I wanted to sleep and do pilates and gasp YOGA.. and read books that had magic in them...sigh...

 

I finally felt like I could breath again and was happy. And all this with out religion or jesus setting me free.

 

I am no longer am willing to put up with crap and judgments and others values and belief systems...and the friendly advice is not so friendly or wise anymore.

 

These are the 3 paragraphs from your intro that struck a chord with me. The believers will accuse you of being selfish and following your own carnal desires and of it not being "of God".

 

The hell with that!! If it means you can't even go to a Yoga class and chill out a bit then stuff it.

 

Your growing self confidence is not selfish or pride, it's the start of an emergence from the shadow of being told that you are sinful and weak and incapable of anything outside of jesus.

 

Shrugging off the strait-jacket of christianity is both scary and exhilirating.

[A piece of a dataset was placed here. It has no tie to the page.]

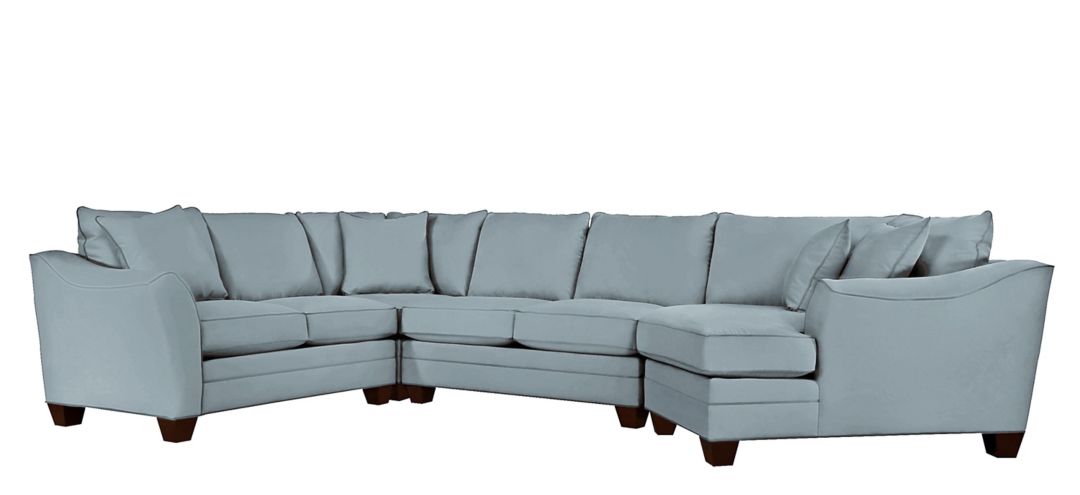 286295990 Foresthill 4-pc. Right Hand Cuddler with Loveseat  sku 286295990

Relish every day of this new life, it's exciting

 

regards

 

Stew

 

 

Shudder! That thing in there about carnal desires. A person who had been a good friend for many, many years told me:

 

We are disappointed that you have chosen to forsake Godly teachings to follow your own lusts and desires.

 

I was still going to church at the time but it was a "worldly" church where people dressed like anyone on the street. They drove cars and women wore pants and cut their hair. They also used musical instruments in their church and allowed divorce.

 

I could have chosen any of a number of more liberal churches rather than one "totally" out in the "world." But I did NOT want to change my dress and all those churches had dress codes. The last thing I wanted to tamper with was my outward appearance. I had enough to deal with the inner turmoil. I did not want to change denominations every few years. If it had to be done I wanted to do it once and for all and get it over with.

 

They preach that peace of God comes with surrender. That part is true. I surrendered on a level not many people do. And I got peace like many people never do. But it was NOT in surrendering to God. It was when I turned my back on God and all I had been taught to hold sacred. Like truth says: it was all without Jesus.

 

I don't understand why some of us get this peace when we let go of God and Jesus, while others get it when they turn to God and Jesus. Another example is: Thou wilt keep him in perfect peace whose mind is stayed on thee.

 

Why did that happen only when I turned my back on God? I guess this is rather off-topic for this thread. Just saying I know what you are talking about, Truth.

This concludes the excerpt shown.